Join Australia's most dynamic and respected property investment community
Tags:
  1. thesuperman

    thesuperman Well-Known Member

    Joined:
    26th Jun, 2015
    Posts:
    460
    Location:
    Australia
    I've been reading an article about Mirvac buying the Harbourside shopping centre in Darling Harbour a few years ago. What is interesting is they bought the corporate entity (I presume a company as trustee of a unit trust??) rather than the property itself. This has raised my curiosity.
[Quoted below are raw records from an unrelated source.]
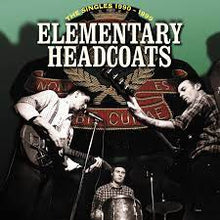  Elementary Headcoats - The Singles 1990 - 1999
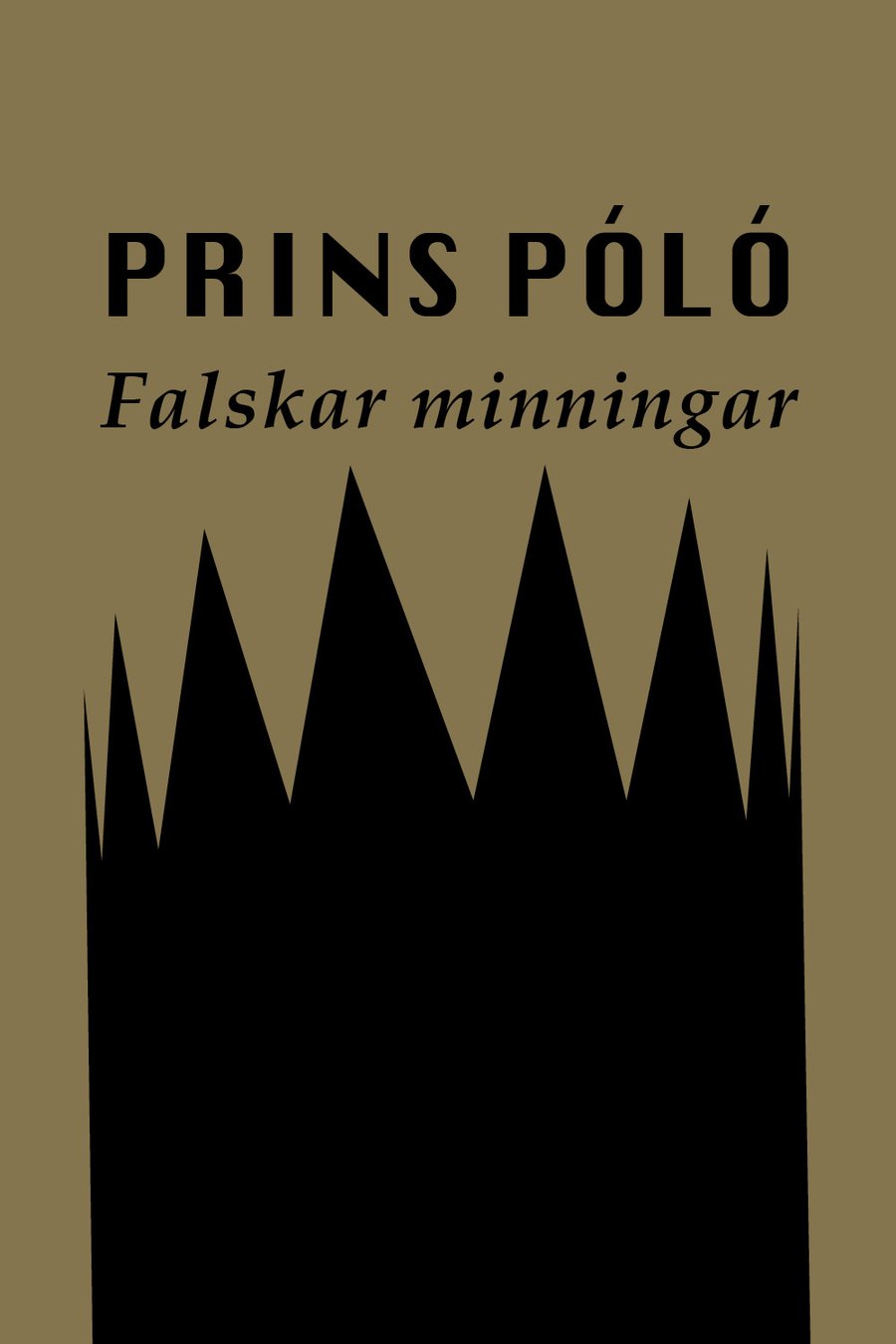 Prins Póló - Falskar minningar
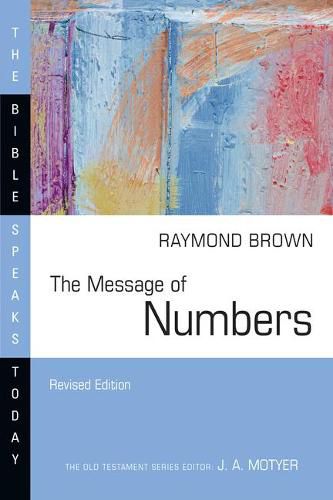 Cover image for The Message of Numbers: Journey to the Promised Land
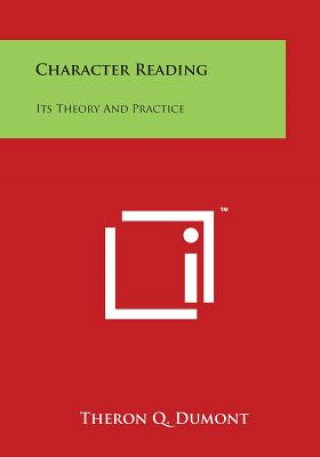 Książka Character Reading: Its Theory and Practice Theron Q Dumont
    "The transaction involved the sale of the corporate entity controlled by developer John Beville that owned the under-performing shopping centre to a Mirvac unit." http://www.theaustralian.com.au/bus...m/news-story/961b8f86d3463c29a5a3d91981a61191

    From my past readings on this forum, I was under the impression it's nearly impossible to sell the corporate entity holding the property because people & their solicitors would be worried about problems with the corporate entity eg. creditors or potential lawsuits that could occur against that entity.

    1. Does purchasing the corporate entity rather than the property usually occur at the top end of town?
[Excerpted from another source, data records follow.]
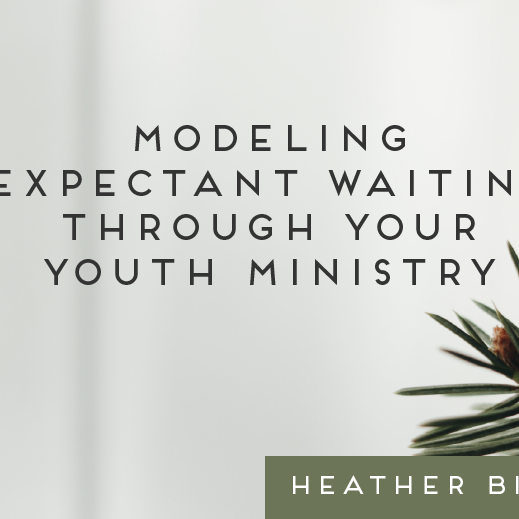 Modeling "Expectant Waiting" This Christmas Through Your Youth Ministry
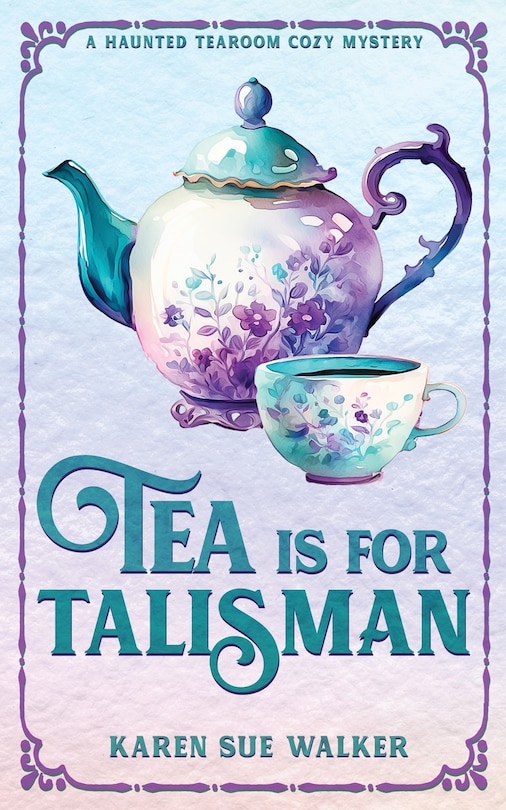 Front cover_Tea is for Talisman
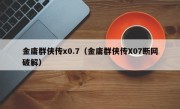 金庸群侠传x0.7（金庸群侠传X07断网破解）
    2. Are only purchasers & their solicitors at the bottom end of town worried about purchasing the corporate entity and always insist on buying the property itself?
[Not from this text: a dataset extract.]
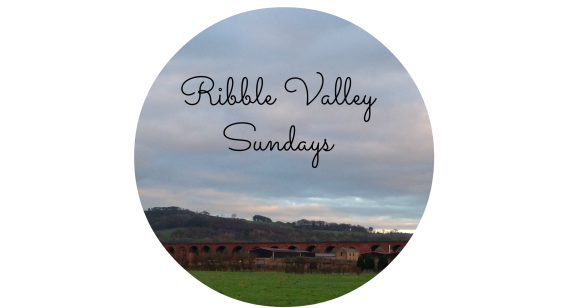 Ribble Valley Sundays itsafinefinelife.wordpress.com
    3. What corporate entity do you think was involved in such a transaction?

    4. What tax benefits would there be selling the entity rather than the property itself?

    Interested in hearing some thoughts on this :)
     
  2. Ross Forrester

    Ross Forrester Well-Known Member

    Joined:
    30th Oct, 2016
    Posts:
    2,085
    Location:
    Perth, Western Australia
    Selling the company can happen and is normally for a larger transaction. We have done it a few times and the purchaser does a tax consolidation and liquidated the original entity.

    It gives the seller access to the 50% cgt discount and sometimes the small business cgt concessions.
     
  3. Scott No Mates

    Scott No Mates Well-Known Member

    Joined:
    18th Jun, 2015
    Posts:
    27,227
    Location:
    Sydney or NSW or Australia
    May also avoid having to reissue licence agreements to licensees.
     
  4. Tony3008

    Tony3008 Well-Known Member

    Joined:
    20th Jun, 2015
    Posts:
    976
    Location:
    Docklands, Victoria
    We did this in UK for my mother's home when she downsized. Legally it was owned by a family company in which we all had shares. It was the company's only asset.

    Option A was for the company to sell the property which was on the books at next to nothing (acquired 1960). It would then have been liable for Corporation Tax at something like 28% and then we would have liquidated the company with each of using being liable for CGT on the proceeds (again base cost of shares negligible).

    Option B, which we proceeded with, was to sell the company - in legal terms, each of us selling our shares. Because we escaped the CT tax take we sold at a 20% discount to the property price (but the purchaser can only extract the property from the company by paying this) and the buyer only paid 0.5% stamp duty payable on share transfers rather than 5%? on a property sale. Once the deal went through we each got our share within a matter of days. No doubt for tax reasons the buyer was actually a European company owned by the nominal buyer, not an individual.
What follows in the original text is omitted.